Would that then be OK? Is it only wrong to deny someone who is homosexual? What if they are a Log Cabin Republican or other such who is also against gay marriage (at least, I think they were? I get things confused).

What if the hair dresser had been heterosexual?

What ideas are we allowed to turn people away for (belief homosexual marriage should not be government sanctioned) and what can't we (being an atheist or any variant of theist)?

Hagar said...

And the N.M. Human Rights Commission consists of a blue ribbon panel of 11 citizens appointed by the Governor('s Office), so you can see how this works.

chickenlittle said...

My stars! what an interesting monster you are Governor Martinez...here, let me fix you up: link

Nathan Alexander said...

@i Callahan,
Of course they wouldn't change their views and advocacy of abortion. Liberals have no problem being hypocrites, talking out both sides of their mouths, double standards, and self-contradictory views.
They only truly believe whatever fits the narrative of the moment.

phx said...

What do you mean by wrong?
I think it makes things too personal. Sure it's an exercise of liberty. Liberty isn't the only value for a human being.

Tank said...

I see Andy ran away. He can't figure out how to be in favor of discriminating against white people without being called a racist.

I can't figure that out either.

Ah, the world is upside down. I'm in favor of freedom. Individuals free to discriminate as we choose (not gov't). But that's not the current thing. Nope, we all gotta tell each other what to say, think and do.

Saint Croix said...

Here's an interesting NPR article on the clash between homosexuality and religion.

The NPR tone kind of reminds me of Obama forcing the Catholic church to subsidize contraception.

It's leftists telling churches they better get with the program.

What's so annoying about the left to me is how ideologicial they are, and how they are willing to destroy anything that gets in their way.
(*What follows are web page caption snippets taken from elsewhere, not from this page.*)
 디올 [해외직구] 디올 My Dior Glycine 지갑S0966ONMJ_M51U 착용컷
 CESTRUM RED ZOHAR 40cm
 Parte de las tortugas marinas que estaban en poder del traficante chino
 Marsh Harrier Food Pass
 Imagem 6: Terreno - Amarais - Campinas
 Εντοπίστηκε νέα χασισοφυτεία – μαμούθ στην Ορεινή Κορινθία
For instance, there's nothing in our Constitution about sex.

Nothing.

But religion is specifically protected.

And yet here is our government telling churches they have to change their theology to suit the government.

That's fucked up.

Much of the gay rights movement strikes me as totalitarian.

For instance, outing gays against their will. Forcing them out into the public.
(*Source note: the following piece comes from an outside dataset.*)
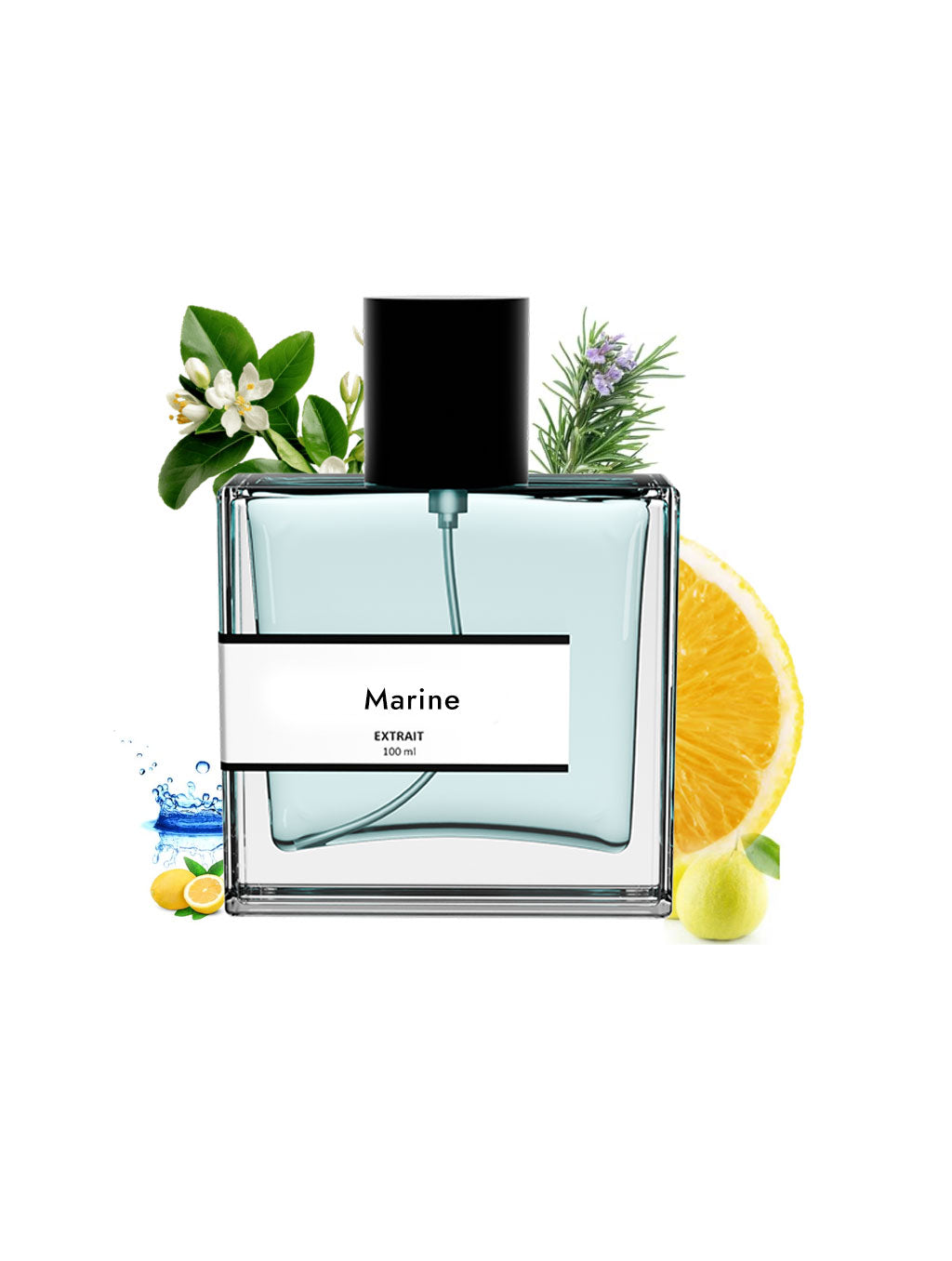 Marine | Compare with Bvlg@ri aqua homme marine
If I did that, would it not be evil?

But gay people do it to gay people. It's fascist. Utterly disrespectful of a person's dignity and privacy.

Or gay people violating a church service in order to protest.

Or gay people wearing dildos out on the street.

Obviously this is a small number of gay people who act this way. But stuff like this--and a general antipathy towards gay sex--is why gay rights has never caught on in this country.

It seems to me that gay marriage is another attempt to normalize homosexuality. It's another protest. But it's been far more successful than any other previous protest.

Because people, in general, like love and marriage. So homosexuals are co-opting marriage in order to get approval for homosexuality.

The problem with this is that in our society, a lot of marriages are religious in character. It's religious approval of sex.

So, in order to do this, the government has to force the church to approve of this particular type of sex.

I think this violates our Constitution, and our history of religious freedom.

It could also backfire for gay people. It's confrontational, and when you do that, you create enemies. You might undo decades of tolerance of homosexuality in our society.

Look at Europe, for instance. It was very tolerant of homosexuality. And now it's very Islamic.

All I'm saying is that it might be a better idea to find another wedding photographer, another hair stylist, and shut up about how everybody has to agree with you.

Hagar said...

@MM,

and you never will.

This works by setting the fines (by whatever name, I think this was mostly "court" costs) just high enough not to be worth fighting, especially since the business already is hurting from beingtrashed in the media.

Saint Croix said...

That link is broken. Try this one.

phx said...

All I'm saying is that it might be a better idea to find another wedding photographer, another hair stylist, and shut up about how everybody has to agree with you.

Less is more. This is enough no?

sonicfrog said...

Someone mentioned the "gay gene".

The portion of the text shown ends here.